_EXERCISE DIRECTIONS:_ When you reach the line containing "Used 2023 Chevrolet", begin copying, and keep copying each line exactly until the listing ends.

------ ENTRIES SHOWN

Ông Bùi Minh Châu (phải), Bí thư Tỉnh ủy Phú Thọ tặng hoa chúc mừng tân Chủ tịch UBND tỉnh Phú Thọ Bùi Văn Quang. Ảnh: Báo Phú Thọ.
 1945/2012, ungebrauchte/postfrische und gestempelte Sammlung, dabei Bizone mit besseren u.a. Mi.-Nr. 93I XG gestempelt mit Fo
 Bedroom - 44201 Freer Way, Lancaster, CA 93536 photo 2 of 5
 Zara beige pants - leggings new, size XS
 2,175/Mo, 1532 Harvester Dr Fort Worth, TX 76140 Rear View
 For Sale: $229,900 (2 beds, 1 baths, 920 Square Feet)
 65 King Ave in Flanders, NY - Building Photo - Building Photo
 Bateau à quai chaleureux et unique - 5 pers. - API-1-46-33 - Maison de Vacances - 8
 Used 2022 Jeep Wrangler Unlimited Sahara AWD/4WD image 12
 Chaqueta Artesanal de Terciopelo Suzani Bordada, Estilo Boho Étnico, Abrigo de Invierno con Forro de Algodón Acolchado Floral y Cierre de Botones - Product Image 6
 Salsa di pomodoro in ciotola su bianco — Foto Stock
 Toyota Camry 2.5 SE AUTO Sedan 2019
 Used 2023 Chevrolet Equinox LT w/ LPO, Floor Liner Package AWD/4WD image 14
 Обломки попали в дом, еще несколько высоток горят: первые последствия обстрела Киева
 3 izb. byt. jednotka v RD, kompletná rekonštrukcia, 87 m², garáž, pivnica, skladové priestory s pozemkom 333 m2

------------

_ANSWER TO THIS TASK:_
 Used 2023 Chevrolet Equinox LT w/ LPO, Floor Liner Package AWD/4WD image 14
 Обломки попали в дом, еще несколько высоток горят: первые последствия обстрела Киева
 3 izb. byt. jednotka v RD, kompletná rekonštrukcia, 87 m², garáž, pivnica, skladové priestory s pozemkom 333 m2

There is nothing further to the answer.